SEATTLE -- The Storm are still awaiting clarification from the WNBA on whether the league's new prioritization rule will prevent forward Gabby Williams from playing this season, coach Noelle Quinn said after the team's practice Tuesday.
Williams' French team, ASVEL, advanced to the league finals on Saturday by overcoming a 13-point deficit from the first leg of the two-game, aggregate semifinals against Bourges. ASVEL did so without Williams, who was in the concussion protocol after being hit in the head in the May 9 matchup between the two teams.
"We're trying to get some confirmation on what the language is with that and how that would work," Quinn said, "because technically it's a health issue. If she can't travel, she does not play in the game, where do we stand with that?"
The WNBA prioritization rule, negotiated with the players' association as part of the 2020 collective bargaining agreement, goes into effect this season. This year, players must complete their offseason playing obligations before the start of the WNBA's regular season to be eligible. Next season, the deadline will be the beginning of training camp or May 1, whichever comes later.
Most international leagues responded by moving up their seasons, putting players back with their WNBA teams for the preseason. France was the one notable exception, meaning Williams could be the only player who finished last season on a roster prevented from playing in the WNBA. Although her ASVEL teammate Marine Johannes is under contract with the New York Liberty, Johannes isn't subject to the prioritization rule, which applies only to players with more than two years of WNBA experience.
The uncertainty in Williams' case is her availability for the best-of-three finals, which begin Wednesday in Lyon, due to her concussion.
"She'll be evaluated and see," Quinn said. "If she doesn't play, what does the rule say? She can't fly over because of her concussion, so where does the gray area lie in that? We're just waiting and seeing, but crunch time. We're kind of moving forward thinking we will not have her.
"Obviously, we lose a lot of defensive prowess and versatility offensively with Gabby, but we'll just find it somewhere else with the group that we have and evaluate there."

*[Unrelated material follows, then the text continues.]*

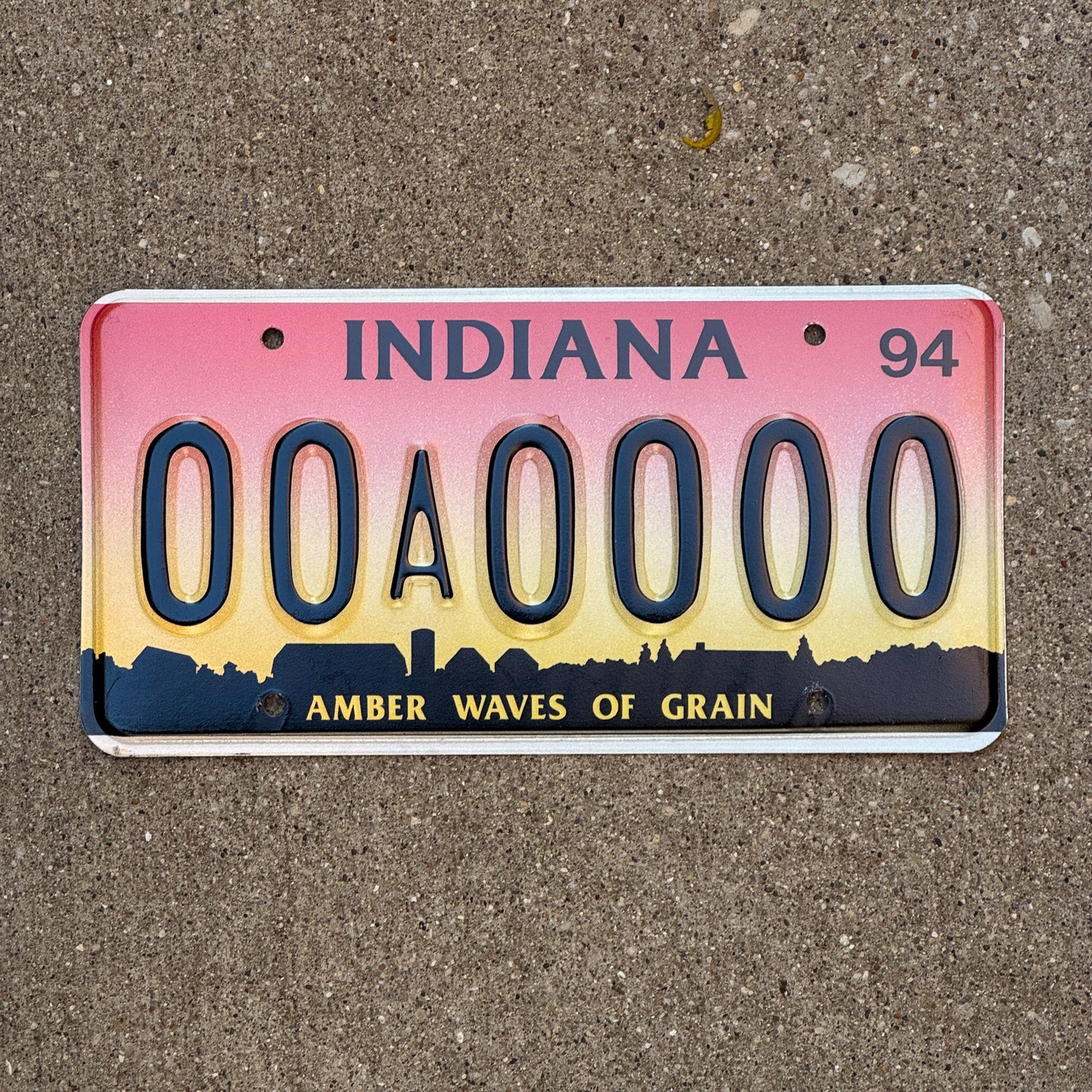 Photo of a 1994 Indiana Sample License Plate Auto Tag 3 Vintage 00A0000 with original patina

Quinn and Storm players Jewell Loyd and Kia Nurse, the latter Williams' teammate at UConn, have been in touch with her in recent days. Quinn said Williams described Saturday's semifinal as a roller coaster. ASVEL did not take over the lead on aggregate until the fourth quarter. Had her team been eliminated, Williams -- a restricted free agent this offseason -- would have been free to re-sign with the Storm with her offseason commitments complete.
Williams knew when she joined ASVEL last summer that missing the WNBA season was a possibility.
"I would love to return to the WNBA," she told reporters in September, "but what's best for my career, what the WNBA decided to do with players like me, it's complicated."
For now, Williams and the Storm will have to hope the league agrees with their perspective on whether the concussion prevented her from rejoining the team before the start of the regular season. That decision will, in turn, affect the rest of Seattle's final roster.
The team must make cuts by Thursday's deadline. If Williams can re-sign, the Storm will have only enough cap room to keep 11 players to begin the season. Otherwise, Seattle can keep 12. The Storm currently have 13 players under contract after waiving forward Jasmine Walker on Tuesday.